# MATERIAL FOR THIS EXERCISE

"""

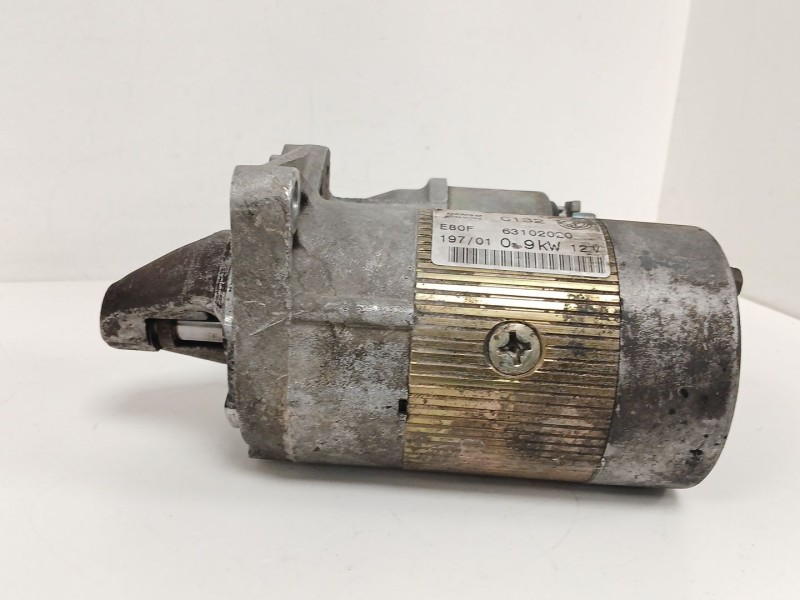 Recambio de motor arranque para fiat punto (188_) 1.2 16v 80 (188.233, .235, .253, .255, .333, .353, .639,... referencia OEM IAM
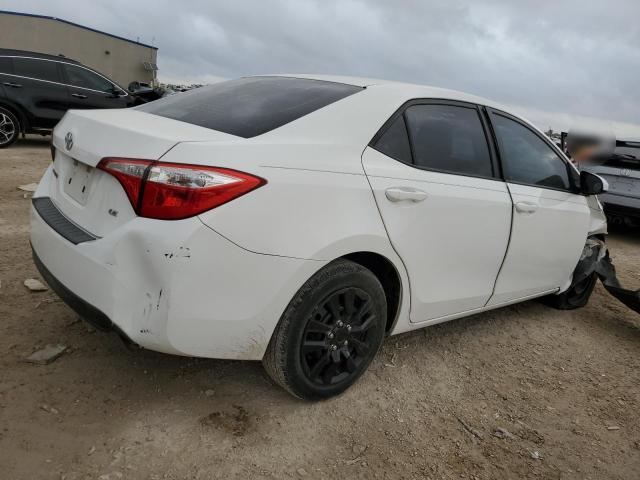 Image 3 of 2015 TOYOTA COROLLA L 2015 with VIN 5YFBURHE7FP203953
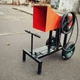 Измельчитель веток Rezak РБ 50 бензиновый щепорез, измельчитель древесины, подрібнювач дров, садовый - изображение 2
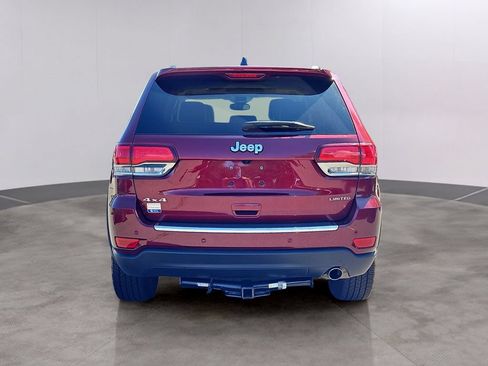 Used 2021 Jeep Grand Cherokee Limited AWD/4WD image 5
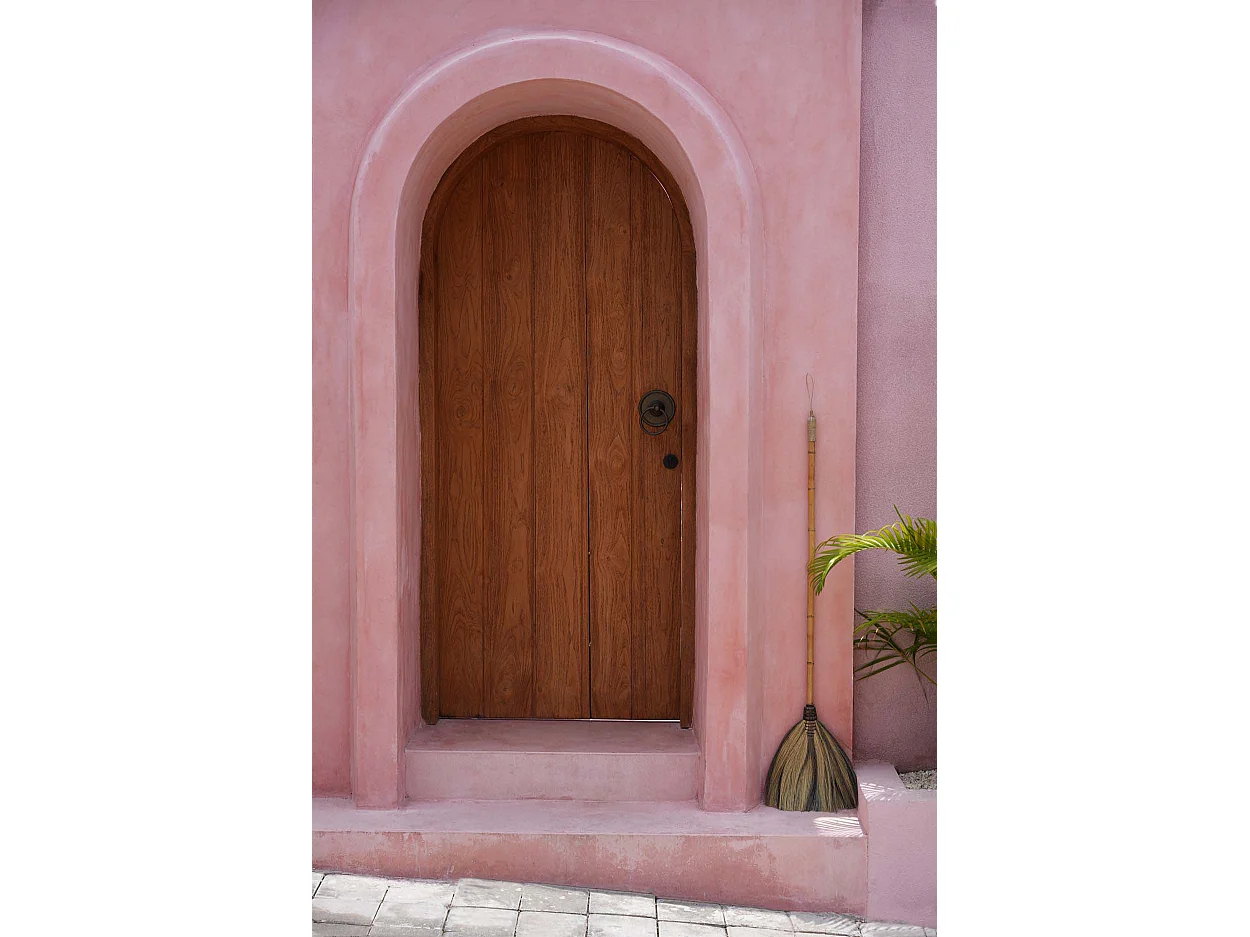 Le Grand Balai - Noir Naturel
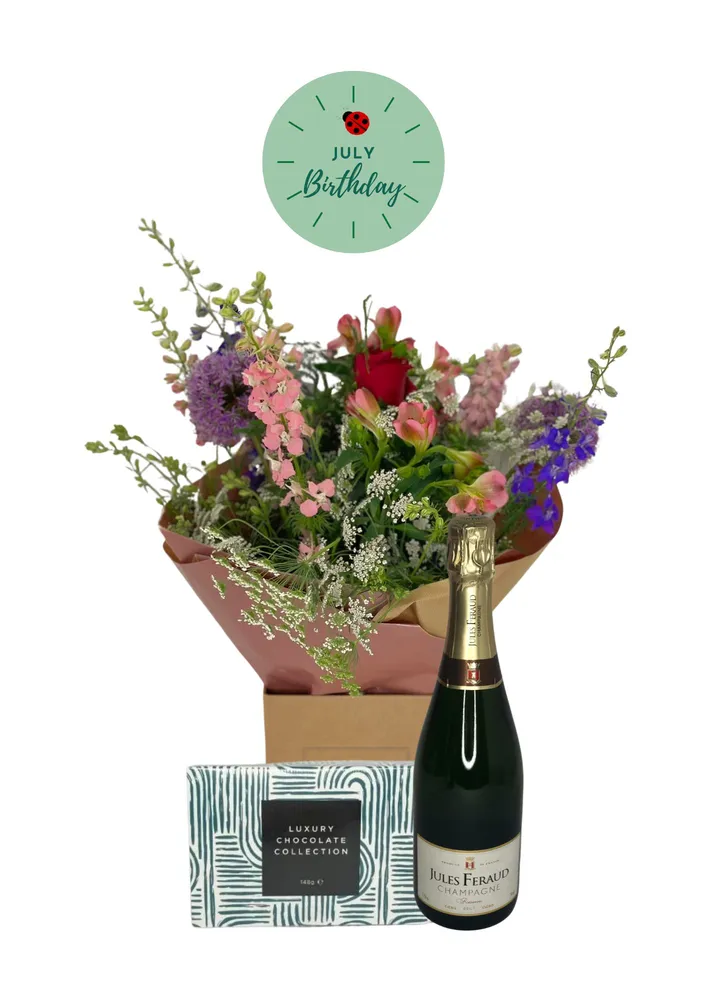 Super Special July Birthday Gift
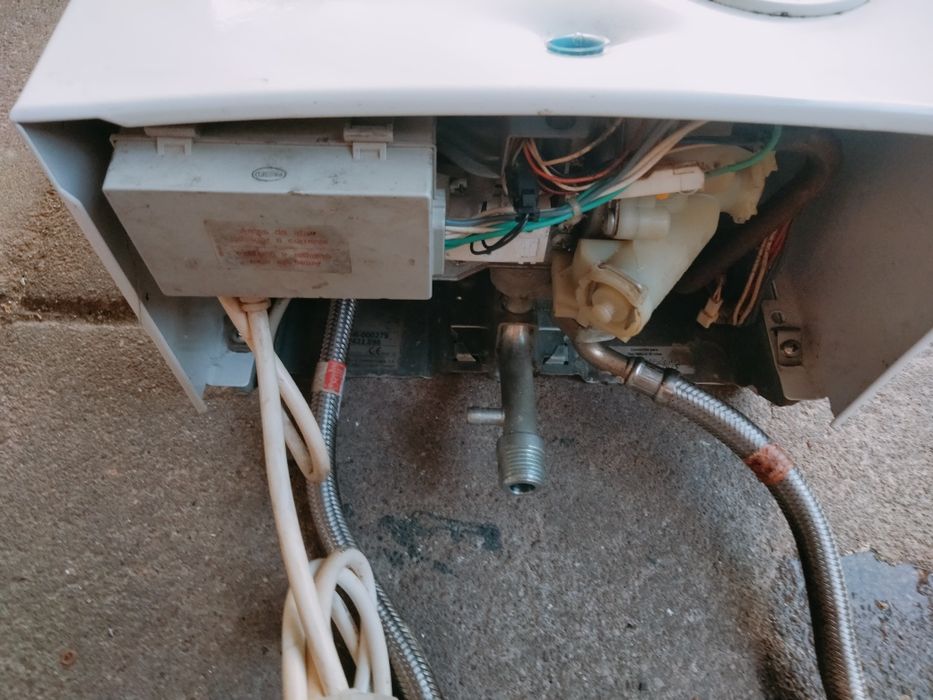 Junkers Ventilado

"""

Could you output the listing word for word, omitting every picture?

# OUTPUT
 Recambio de motor arranque para fiat punto (188_) 1.2 16v 80 (188.233, .235, .253, .255, .333, .353, .639,... referencia OEM IAM
 Image 3 of 2015 TOYOTA COROLLA L 2015 with VIN 5YFBURHE7FP203953
 Измельчитель веток Rezak РБ 50 бензиновый щепорез, измельчитель древесины, подрібнювач дров, садовый - изображение 2
 Used 2021 Jeep Grand Cherokee Limited AWD/4WD image 5
 Le Grand Balai - Noir Naturel
 Super Special July Birthday Gift
 Junkers Ventilado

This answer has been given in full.